Zur Person: Eva-Maria Grein von Friedl

1980 in Miltenberg geboren, besuchte sie schon früh eine Ballettschule, später kamen private Gesangsstunden an der Hochschule für Musik in Würzburg hinzu. Ihre erste große TV-Rolle hatte sie in der ZDF-Telenovela «Tessa», die wegen verhaltener Zuschauerzahlen nach 125 Folgen beendet wurde. Dem ZDF blieb sie treu, drehte einige Filme und hatte Gastrollen in Serien.
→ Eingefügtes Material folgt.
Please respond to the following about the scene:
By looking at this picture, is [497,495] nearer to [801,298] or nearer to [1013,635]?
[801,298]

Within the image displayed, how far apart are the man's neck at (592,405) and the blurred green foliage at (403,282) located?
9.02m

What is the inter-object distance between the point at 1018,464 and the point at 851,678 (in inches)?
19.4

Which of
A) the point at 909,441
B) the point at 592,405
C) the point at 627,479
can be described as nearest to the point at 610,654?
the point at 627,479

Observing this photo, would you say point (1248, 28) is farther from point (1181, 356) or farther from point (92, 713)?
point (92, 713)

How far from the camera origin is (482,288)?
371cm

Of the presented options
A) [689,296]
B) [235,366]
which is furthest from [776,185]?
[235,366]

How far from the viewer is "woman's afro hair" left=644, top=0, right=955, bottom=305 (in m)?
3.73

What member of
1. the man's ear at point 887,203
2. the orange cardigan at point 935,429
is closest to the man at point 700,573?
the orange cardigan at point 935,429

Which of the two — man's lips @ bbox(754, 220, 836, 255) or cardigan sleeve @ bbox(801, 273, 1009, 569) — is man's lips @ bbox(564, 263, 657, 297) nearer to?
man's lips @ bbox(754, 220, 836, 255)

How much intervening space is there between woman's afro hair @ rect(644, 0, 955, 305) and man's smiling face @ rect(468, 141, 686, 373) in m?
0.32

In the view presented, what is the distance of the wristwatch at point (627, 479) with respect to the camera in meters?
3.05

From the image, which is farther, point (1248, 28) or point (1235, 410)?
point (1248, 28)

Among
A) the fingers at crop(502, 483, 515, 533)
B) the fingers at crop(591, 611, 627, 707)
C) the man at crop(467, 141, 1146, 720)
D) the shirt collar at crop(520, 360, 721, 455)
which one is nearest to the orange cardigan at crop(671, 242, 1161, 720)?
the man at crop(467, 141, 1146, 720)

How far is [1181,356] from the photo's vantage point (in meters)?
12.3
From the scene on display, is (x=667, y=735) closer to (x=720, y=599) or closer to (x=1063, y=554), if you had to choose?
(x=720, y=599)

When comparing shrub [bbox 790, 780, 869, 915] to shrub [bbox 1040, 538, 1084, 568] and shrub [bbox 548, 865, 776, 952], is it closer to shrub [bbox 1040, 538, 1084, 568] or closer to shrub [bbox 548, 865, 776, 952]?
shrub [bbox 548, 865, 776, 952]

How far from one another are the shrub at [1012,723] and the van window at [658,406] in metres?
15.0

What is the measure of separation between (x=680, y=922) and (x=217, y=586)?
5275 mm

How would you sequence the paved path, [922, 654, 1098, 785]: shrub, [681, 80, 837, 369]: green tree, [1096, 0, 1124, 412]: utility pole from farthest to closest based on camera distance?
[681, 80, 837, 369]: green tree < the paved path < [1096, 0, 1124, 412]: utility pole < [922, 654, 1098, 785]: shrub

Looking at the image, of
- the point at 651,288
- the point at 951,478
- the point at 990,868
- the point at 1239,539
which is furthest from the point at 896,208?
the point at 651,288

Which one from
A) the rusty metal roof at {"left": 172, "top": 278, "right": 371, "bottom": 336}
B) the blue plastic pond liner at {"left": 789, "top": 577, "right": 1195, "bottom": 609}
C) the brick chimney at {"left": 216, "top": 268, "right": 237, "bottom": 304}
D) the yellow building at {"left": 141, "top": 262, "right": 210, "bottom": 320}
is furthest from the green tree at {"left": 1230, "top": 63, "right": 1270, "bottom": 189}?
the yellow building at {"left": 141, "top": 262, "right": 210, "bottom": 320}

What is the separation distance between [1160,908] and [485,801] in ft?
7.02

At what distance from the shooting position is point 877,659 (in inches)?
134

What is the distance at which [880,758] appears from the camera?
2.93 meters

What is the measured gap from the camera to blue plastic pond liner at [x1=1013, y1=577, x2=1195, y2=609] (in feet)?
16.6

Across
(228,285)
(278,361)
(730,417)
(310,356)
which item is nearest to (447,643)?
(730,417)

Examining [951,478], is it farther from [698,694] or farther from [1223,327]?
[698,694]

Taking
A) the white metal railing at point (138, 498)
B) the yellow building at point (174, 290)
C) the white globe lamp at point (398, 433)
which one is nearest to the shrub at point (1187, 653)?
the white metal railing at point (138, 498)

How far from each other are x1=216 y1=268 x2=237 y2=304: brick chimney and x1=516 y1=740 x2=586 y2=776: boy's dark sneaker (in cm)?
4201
Von 2006 bis 2011 hatte sie eine durchgehende Rolle in «Kreuzfahrt ins Glück». Danach kamen Engagements für RTL, etwa in der kurzlebigen Serie «IK 1» oder «Männer». Nun probiert sie «Jana und der Buschpilot», das bei guten Quoten zur Reihe ausgebaut werden könnte.
Frau Grein von Friedl, Sie sind ja auch ein Fernsehkind der Telenovela, spielten vor zehn Jahren die Hauptrolle in der ZDF-Nachmittagsserie «Tessa».
Ja, das waren meine Anfänge im Fernsehen, das ist jetzt aber schon zehn Jahre her. Nach meinem Studium an der Bayerischen Theaterakademie hatte ich ja ausschließlich auf der Theaterbühne gestanden. Da war die tägliche Serie dann ein willkommener Einstieg ins TV-Geschäft und gut geeignet, um Routine vor der Kamera zu bekommen. Seitdem habe ich keine Daily mehr gedreht. «Tessa» war für mich am Anfang eine tolle Produktion, die ich inzwischen aber auch weit hinter mir gelassen habe.
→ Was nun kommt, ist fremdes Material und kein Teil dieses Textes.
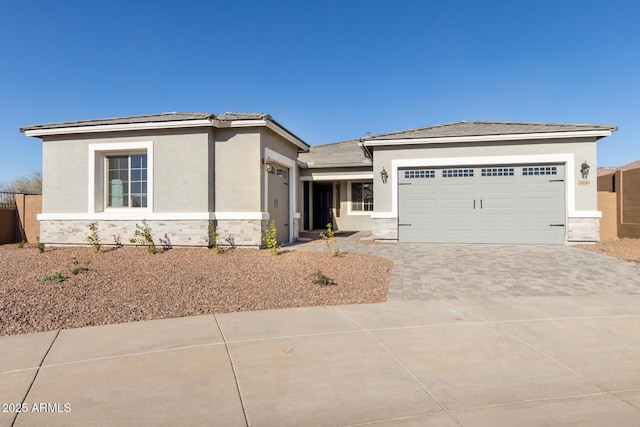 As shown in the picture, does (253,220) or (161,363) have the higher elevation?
(253,220)

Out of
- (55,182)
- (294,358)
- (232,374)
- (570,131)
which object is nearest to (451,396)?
(294,358)

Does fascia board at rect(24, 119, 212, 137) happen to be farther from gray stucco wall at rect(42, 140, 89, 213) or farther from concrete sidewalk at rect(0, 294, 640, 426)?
concrete sidewalk at rect(0, 294, 640, 426)

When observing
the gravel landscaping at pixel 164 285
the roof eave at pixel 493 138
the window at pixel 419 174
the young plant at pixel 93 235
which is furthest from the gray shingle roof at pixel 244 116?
the window at pixel 419 174

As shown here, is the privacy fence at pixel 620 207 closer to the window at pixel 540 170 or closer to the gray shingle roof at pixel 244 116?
the window at pixel 540 170

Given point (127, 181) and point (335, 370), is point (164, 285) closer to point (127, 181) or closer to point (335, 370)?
point (335, 370)

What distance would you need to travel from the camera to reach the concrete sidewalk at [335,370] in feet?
10.1

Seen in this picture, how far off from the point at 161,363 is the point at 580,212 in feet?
42.9

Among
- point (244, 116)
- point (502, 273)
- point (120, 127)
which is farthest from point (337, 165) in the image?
point (502, 273)

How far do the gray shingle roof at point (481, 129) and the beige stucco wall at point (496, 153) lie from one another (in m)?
0.37

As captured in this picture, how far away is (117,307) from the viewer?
5934mm

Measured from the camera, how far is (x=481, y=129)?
13.5 metres

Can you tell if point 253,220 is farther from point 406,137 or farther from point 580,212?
point 580,212

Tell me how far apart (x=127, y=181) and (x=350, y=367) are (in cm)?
1079

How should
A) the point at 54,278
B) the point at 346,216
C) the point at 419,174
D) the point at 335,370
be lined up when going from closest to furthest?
the point at 335,370 < the point at 54,278 < the point at 419,174 < the point at 346,216
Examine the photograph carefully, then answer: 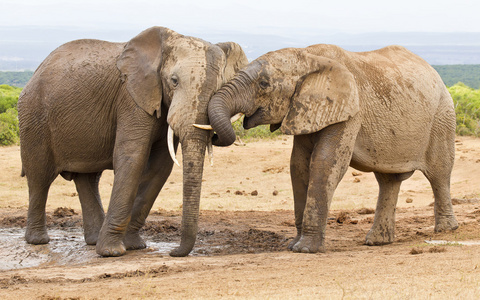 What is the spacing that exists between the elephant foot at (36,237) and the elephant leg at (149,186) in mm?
1354

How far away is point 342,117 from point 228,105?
4.20ft

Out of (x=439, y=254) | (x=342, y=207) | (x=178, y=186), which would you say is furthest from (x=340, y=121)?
(x=178, y=186)

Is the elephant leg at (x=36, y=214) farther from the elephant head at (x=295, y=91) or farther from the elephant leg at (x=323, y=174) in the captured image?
the elephant leg at (x=323, y=174)

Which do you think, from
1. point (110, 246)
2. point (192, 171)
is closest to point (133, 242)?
point (110, 246)

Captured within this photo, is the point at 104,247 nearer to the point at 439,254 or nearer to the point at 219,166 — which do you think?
the point at 439,254

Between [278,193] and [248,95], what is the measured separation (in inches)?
261

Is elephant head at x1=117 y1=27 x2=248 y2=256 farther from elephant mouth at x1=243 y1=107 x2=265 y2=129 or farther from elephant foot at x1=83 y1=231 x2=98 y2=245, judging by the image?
elephant foot at x1=83 y1=231 x2=98 y2=245

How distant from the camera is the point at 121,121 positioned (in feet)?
25.9

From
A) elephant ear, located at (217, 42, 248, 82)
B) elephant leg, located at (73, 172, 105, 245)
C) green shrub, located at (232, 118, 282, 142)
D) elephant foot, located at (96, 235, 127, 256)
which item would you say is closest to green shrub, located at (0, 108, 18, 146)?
green shrub, located at (232, 118, 282, 142)

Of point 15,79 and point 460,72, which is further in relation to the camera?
point 460,72

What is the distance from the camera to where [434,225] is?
9.93m

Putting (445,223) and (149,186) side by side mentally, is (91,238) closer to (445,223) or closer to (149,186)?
(149,186)

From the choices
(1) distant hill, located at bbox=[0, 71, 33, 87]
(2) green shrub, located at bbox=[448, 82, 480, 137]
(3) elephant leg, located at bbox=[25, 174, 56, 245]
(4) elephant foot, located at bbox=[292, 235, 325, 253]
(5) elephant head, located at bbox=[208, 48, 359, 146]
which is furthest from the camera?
(1) distant hill, located at bbox=[0, 71, 33, 87]

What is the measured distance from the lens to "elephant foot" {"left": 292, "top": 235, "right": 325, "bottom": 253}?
7629mm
Es kommt ja aber doch vor, dass Schauspieler wieder zu Dailys zurückkommen, Susan Sideropoulos etwa, die nach «GZSZ» nun für Sat.1 «Mila» macht. Bei Ihnen ist das ausgeschlossen?
Nichts ist ausgeschlossen. Immer, wenn man etwas ausschließt, flattert danach garantiert ein tolles Buch mit ganz starken Charakteren ins Haus. (lacht) Man weiß außerdem nie, wie es in der unsicheren Schauspiel-Branche läuft. Der Schornstein muss rauchen und wenn man von diesem Job leben können möchte, dann ist es doch absolut nichts Ehrenrühriges auch sowas zu drehen. Trotzdem: Telenovela hatte ich schon - mich reizen grundsätzlich Dinge, die ich noch nicht hatte - neue Aufgaben, an denen man wachsen kann. Das ist mir in den letzten Jahren nach «Tessa» mit meinen Weekly-Serien, Reihen und Spielfilm-Hauptrollen ja auch gut gelungen. Zuletzt durfte ich in der neuen ZDF-Reihe «Jana und der Buschpilot» die Ärztin Jana Vollendorf spielen. Sie hängt nach ihrer Scheidung die Charité-Karriere an den Nagel um ein afrikanisches Buschkrankenhaus zu übernehmen. So eine Spielfilmrolle, in der man sein dramatisches Talent zeigen kann, ist genau die Art Herausforderung, die ich mir auch weiterhin wünsche.

Bei «Tessa» haben Sie Ihren Ehemann kennengelernt, der in der Serie aber ihre Sandkastenliebe gespielt hat.
Er spielte eine Gastrolle. Tessas Sandkastenfreund Jeff, mit dem sie in der Jugend, bevor er nach Australien auswandert, ein kleines Techtel-Mechtel hatte. Wie das in Telenovelas so ist, kommt Jeff im heiratsfähigen Alter dann zurück, um Tessas Herz zurückzugewinnen. Am Ende bekommt er sie aber nicht, denn Tessa ist ja treu wie Gold. Im echten Leben hat es aber geklappt und funktioniert noch immer hervorragend. Wir sind jetzt 5 Jahre verheiratet.

Mit Ihrem Mann haben Sie auch danach noch gedreht, etwa für eine Folge der RTL-Serie «IK1».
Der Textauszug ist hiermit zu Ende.